David Cameron wants to argue that his 'emergency brake' on migrant benefits is a success, but in reality it is a border, albeit temporary, around our social security budget. You can enter the country but the social security border police will stop you claiming (for a while).
Moves to limit health tourism amount to the same thing, anyone can come into the country but you cannot pass the NHS border police.
Then there is the new law on Right to Rent, that kicks in today, which forces landlords to check that potential tenants have the right to rent a home in the UK. Because we cannot monitor or enforce the borders around the UK, we have to put an internal border around the ability to rent (but notably not buy) a home. Matt Hutchinson, director of flatshare site SpareRoom.co.uk put this into perspective when he said:
"Outsourcing border patrol to landlords is like asking passengers to drive trains – a foolish and senseless example of delegation.
"Landlords now have to wade through a 21-page guide on how to check their tenants' right to rent, or risk a hefty fine if they turn out to be letting to someone living illegally in the UK.
"Landlords may seek to avoid the risk altogether – by simply letting to people with UK passports.
"This could lead to cut and dry examples of discrimination as landlords look for ways to simplify the vetting process – which also requires follow up checks – by reconsidering who they are inclined to let to.

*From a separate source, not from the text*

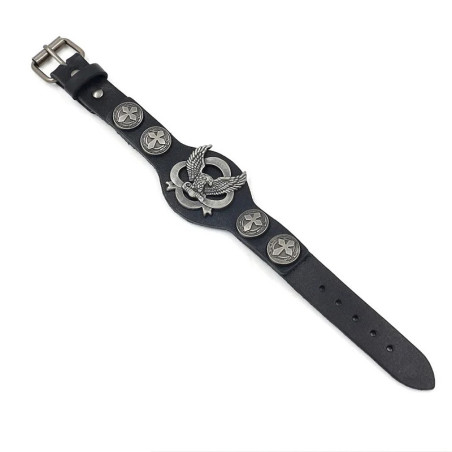 Bracelet Biker Aigle Royal "Black Leather Cross"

"One independent study has already showed that 42% of landlords said that Right to Rent has made them less likely to consider tenants without British passports."
This sort of thing will only get worse over time as the EU pushes the UK into further integration until the only solution is an EU-wide, one size fits all solution, which will force the UK to harmonise up to the hilt with the rest of the EU. This will almost certainly have huge impacts on the UK's ability to provide proper health care and social services free at the point of need where appropriate.
The upshot is that, if we want to protect our national health and social security policies as well as limit the risk of discrimination, we have to leave the EU and regain full control of our borders. Then we can treat everyone who wants to come and live in the UK equally, wherever they come from.